- _Entries supplied_
--- START ---

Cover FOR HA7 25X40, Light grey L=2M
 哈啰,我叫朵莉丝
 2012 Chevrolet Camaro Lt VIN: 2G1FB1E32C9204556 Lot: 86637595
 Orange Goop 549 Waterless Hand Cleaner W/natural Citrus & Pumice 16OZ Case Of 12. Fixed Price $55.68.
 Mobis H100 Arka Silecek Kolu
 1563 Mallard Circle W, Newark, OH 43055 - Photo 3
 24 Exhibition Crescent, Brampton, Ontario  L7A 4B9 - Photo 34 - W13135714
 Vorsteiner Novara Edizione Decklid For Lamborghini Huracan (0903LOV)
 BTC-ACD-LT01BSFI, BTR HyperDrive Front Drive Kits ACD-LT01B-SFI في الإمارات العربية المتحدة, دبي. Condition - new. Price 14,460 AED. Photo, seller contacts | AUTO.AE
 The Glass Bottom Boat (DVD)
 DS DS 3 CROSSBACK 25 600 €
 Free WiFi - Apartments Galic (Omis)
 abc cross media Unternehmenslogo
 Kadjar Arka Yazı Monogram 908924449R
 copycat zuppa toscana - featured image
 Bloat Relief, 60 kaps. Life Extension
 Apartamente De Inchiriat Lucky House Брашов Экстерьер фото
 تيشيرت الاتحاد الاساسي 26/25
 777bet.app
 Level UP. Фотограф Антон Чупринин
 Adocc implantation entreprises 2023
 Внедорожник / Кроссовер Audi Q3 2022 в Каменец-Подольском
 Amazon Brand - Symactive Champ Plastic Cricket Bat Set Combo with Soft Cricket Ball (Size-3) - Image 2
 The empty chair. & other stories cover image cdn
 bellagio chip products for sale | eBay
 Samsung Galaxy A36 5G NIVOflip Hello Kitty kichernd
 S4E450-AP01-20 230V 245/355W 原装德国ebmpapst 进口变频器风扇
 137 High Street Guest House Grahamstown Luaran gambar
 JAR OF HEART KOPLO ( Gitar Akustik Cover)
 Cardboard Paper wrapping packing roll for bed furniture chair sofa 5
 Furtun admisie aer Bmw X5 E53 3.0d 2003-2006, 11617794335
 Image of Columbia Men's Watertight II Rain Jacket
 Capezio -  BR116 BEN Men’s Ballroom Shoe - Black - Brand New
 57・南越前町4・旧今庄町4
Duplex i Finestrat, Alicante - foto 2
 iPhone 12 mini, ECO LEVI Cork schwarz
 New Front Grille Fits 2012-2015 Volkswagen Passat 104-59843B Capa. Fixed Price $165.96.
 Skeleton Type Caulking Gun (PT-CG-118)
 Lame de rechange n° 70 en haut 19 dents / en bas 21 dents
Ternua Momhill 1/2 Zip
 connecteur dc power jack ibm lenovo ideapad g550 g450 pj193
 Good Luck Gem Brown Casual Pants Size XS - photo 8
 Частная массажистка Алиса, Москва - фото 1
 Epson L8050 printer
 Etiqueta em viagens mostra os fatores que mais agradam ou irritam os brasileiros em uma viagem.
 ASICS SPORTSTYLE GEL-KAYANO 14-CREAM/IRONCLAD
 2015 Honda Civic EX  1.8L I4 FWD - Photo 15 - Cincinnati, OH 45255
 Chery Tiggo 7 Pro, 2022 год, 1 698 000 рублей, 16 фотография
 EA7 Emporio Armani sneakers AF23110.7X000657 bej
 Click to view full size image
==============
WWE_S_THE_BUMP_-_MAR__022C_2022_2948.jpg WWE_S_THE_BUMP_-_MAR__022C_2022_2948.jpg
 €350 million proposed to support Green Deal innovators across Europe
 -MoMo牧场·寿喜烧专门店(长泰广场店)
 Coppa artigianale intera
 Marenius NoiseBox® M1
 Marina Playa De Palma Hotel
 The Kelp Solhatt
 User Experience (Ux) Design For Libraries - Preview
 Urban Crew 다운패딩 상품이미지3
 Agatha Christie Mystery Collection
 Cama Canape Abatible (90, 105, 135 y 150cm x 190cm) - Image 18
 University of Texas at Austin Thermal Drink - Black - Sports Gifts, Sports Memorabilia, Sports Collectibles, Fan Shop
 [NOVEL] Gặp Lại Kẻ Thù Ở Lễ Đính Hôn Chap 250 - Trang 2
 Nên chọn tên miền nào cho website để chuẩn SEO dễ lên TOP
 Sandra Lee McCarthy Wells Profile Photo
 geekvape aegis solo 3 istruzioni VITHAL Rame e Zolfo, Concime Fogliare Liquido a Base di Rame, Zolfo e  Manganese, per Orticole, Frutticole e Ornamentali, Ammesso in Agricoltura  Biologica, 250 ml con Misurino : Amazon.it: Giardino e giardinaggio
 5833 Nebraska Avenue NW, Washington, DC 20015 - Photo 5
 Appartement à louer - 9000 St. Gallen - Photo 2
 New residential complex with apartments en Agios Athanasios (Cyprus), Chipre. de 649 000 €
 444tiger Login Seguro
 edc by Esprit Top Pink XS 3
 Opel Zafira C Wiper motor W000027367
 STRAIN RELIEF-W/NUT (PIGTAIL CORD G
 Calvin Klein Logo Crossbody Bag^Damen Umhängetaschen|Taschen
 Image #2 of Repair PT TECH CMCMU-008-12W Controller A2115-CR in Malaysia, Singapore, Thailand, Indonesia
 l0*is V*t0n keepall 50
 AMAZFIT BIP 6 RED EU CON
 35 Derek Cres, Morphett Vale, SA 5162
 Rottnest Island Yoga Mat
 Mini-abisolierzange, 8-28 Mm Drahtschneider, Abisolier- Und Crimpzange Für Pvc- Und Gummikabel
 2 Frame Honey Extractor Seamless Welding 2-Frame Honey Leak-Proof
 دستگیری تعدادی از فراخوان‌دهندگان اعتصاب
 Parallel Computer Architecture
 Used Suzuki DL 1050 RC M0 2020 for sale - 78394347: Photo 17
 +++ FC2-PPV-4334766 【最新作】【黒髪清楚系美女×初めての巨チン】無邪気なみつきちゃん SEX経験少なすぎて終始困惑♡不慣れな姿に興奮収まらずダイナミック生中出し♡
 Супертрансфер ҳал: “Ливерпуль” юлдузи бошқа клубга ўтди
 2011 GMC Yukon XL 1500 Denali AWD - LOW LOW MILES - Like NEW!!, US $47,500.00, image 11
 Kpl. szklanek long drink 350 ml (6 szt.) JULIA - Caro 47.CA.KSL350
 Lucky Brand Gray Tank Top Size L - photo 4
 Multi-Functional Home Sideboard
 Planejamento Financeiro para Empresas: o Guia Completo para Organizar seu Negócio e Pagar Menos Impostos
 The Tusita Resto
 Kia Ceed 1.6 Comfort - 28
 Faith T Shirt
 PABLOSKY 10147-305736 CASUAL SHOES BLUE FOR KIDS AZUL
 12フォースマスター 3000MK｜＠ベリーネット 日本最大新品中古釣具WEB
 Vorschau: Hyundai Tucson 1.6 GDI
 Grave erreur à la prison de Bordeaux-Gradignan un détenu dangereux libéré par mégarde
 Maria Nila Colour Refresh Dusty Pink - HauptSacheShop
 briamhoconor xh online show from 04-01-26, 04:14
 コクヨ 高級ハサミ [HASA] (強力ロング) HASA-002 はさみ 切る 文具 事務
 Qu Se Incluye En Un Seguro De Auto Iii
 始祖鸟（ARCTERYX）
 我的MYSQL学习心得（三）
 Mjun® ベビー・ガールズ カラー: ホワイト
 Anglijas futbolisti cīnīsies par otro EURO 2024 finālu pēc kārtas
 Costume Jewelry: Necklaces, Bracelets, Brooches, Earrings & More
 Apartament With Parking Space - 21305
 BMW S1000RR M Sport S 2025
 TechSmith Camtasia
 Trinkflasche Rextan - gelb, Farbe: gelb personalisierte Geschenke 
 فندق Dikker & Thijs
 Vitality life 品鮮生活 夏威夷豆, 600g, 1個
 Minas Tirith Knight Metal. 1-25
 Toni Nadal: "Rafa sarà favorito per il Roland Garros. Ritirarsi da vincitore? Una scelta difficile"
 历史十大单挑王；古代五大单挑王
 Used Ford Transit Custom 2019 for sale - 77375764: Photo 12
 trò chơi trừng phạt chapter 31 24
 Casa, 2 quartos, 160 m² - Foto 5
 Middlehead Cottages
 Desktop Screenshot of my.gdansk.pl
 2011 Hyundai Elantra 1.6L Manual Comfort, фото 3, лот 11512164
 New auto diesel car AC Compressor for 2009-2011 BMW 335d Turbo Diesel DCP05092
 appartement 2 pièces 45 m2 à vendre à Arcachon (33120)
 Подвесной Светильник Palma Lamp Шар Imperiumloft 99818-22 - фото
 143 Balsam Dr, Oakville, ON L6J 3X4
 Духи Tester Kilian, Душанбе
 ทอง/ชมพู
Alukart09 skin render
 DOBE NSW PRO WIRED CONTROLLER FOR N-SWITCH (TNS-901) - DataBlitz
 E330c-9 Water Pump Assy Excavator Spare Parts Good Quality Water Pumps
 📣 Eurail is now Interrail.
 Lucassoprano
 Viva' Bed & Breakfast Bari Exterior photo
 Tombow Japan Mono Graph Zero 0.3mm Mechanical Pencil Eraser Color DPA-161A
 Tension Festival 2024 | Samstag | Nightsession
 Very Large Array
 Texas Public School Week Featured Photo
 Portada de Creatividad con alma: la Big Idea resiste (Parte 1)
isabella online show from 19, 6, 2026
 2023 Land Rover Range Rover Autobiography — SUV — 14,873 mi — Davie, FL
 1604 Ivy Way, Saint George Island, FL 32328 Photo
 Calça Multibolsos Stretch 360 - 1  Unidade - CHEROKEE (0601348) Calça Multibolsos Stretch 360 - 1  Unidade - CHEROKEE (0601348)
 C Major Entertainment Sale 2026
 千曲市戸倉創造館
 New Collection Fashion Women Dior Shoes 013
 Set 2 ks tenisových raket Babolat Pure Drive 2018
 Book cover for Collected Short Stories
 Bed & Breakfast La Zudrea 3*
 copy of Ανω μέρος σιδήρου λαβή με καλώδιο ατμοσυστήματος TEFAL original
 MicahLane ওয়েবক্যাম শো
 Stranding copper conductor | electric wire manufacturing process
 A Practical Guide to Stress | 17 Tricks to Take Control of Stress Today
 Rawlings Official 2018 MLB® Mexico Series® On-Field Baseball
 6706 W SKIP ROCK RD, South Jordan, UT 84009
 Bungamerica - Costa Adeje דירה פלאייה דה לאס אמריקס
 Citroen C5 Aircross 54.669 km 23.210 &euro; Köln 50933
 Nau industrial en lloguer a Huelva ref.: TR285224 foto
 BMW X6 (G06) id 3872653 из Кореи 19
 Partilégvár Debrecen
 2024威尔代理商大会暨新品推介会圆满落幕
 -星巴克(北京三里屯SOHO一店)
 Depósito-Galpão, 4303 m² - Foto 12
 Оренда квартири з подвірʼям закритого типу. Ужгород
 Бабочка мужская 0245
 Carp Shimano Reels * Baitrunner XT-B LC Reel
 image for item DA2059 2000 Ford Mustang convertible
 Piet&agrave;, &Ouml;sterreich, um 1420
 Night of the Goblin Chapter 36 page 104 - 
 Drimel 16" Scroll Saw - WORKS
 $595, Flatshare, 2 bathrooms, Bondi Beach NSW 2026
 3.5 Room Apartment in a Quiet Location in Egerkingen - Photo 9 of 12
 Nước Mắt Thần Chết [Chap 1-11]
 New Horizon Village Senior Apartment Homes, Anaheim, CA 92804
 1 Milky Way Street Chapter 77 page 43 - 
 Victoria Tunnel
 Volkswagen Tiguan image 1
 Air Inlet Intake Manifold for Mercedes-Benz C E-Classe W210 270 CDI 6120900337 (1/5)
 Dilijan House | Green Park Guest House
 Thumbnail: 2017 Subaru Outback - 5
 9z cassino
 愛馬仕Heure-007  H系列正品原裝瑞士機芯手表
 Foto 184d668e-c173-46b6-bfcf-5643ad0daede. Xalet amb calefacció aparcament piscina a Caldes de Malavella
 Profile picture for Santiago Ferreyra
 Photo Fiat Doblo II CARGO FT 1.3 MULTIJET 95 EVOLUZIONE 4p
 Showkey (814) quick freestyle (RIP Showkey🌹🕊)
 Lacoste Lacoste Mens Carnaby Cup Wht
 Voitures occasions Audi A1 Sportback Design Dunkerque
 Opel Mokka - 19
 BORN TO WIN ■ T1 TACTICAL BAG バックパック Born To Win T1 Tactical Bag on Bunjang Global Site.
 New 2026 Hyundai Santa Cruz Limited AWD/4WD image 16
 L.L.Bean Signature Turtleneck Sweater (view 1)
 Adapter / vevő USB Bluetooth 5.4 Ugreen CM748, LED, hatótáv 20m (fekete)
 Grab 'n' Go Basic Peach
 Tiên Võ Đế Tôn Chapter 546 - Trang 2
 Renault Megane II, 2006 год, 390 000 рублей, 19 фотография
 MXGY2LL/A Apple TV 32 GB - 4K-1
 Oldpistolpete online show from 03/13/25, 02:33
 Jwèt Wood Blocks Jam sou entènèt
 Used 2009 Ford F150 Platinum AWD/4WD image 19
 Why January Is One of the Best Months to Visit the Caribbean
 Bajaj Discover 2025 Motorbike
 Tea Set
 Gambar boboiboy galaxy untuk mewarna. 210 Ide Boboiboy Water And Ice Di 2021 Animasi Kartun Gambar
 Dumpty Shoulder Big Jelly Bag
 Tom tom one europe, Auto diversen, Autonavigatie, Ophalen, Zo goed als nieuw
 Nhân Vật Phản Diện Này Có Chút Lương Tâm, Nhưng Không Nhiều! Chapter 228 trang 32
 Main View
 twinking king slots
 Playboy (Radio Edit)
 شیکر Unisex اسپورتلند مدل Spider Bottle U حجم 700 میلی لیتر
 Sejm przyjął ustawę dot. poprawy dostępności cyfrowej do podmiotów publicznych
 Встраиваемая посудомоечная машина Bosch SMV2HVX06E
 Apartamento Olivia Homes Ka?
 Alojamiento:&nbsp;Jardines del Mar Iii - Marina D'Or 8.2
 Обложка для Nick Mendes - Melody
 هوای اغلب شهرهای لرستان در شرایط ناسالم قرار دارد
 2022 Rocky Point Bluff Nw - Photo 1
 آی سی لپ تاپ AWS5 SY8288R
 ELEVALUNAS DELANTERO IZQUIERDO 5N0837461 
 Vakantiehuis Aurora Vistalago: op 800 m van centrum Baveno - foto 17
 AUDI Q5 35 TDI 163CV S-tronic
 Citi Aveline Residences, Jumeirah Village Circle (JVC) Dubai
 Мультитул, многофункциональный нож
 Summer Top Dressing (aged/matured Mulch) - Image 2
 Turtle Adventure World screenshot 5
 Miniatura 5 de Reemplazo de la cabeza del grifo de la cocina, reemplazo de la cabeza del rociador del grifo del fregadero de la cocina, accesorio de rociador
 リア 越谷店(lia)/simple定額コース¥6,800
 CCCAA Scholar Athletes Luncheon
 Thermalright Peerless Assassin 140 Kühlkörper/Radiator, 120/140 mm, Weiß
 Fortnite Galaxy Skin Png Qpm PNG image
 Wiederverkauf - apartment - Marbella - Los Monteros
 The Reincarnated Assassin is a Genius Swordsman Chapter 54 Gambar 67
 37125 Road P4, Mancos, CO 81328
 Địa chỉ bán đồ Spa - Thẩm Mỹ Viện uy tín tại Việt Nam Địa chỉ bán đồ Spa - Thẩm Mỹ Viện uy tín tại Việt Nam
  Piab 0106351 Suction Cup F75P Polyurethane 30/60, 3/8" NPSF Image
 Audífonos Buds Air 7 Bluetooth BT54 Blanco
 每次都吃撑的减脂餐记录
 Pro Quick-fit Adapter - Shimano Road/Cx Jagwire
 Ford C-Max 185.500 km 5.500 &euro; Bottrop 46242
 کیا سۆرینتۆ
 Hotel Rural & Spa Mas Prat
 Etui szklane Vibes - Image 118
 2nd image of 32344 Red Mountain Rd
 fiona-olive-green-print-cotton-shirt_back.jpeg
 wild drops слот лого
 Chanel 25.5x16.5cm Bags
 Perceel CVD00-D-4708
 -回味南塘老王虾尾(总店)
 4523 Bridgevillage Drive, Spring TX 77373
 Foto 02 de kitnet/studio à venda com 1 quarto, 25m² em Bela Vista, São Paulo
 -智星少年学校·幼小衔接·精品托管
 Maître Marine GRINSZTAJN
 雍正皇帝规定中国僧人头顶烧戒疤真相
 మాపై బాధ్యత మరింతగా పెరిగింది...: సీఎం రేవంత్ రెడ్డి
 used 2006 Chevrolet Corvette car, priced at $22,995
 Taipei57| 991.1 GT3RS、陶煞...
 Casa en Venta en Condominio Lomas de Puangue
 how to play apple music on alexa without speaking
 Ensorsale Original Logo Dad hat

--- END ---

Copy out each line of the material above, word for word, from the first down to the line containing "Adocc implantation entreprises 2023". Add nothing.

- _Exercise output_
Cover FOR HA7 25X40, Light grey L=2M
 哈啰,我叫朵莉丝
 2012 Chevrolet Camaro Lt VIN: 2G1FB1E32C9204556 Lot: 86637595
 Orange Goop 549 Waterless Hand Cleaner W/natural Citrus & Pumice 16OZ Case Of 12. Fixed Price $55.68.
 Mobis H100 Arka Silecek Kolu
 1563 Mallard Circle W, Newark, OH 43055 - Photo 3
 24 Exhibition Crescent, Brampton, Ontario  L7A 4B9 - Photo 34 - W13135714
 Vorsteiner Novara Edizione Decklid For Lamborghini Huracan (0903LOV)
 BTC-ACD-LT01BSFI, BTR HyperDrive Front Drive Kits ACD-LT01B-SFI في الإمارات العربية المتحدة, دبي. Condition - new. Price 14,460 AED. Photo, seller contacts | AUTO.AE
 The Glass Bottom Boat (DVD)
 DS DS 3 CROSSBACK 25 600 €
 Free WiFi - Apartments Galic (Omis)
 abc cross media Unternehmenslogo
 Kadjar Arka Yazı Monogram 908924449R
 copycat zuppa toscana - featured image
 Bloat Relief, 60 kaps. Life Extension
 Apartamente De Inchiriat Lucky House Брашов Экстерьер фото
 تيشيرت الاتحاد الاساسي 26/25
 777bet.app
 Level UP. Фотограф Антон Чупринин
 Adocc implantation entreprises 2023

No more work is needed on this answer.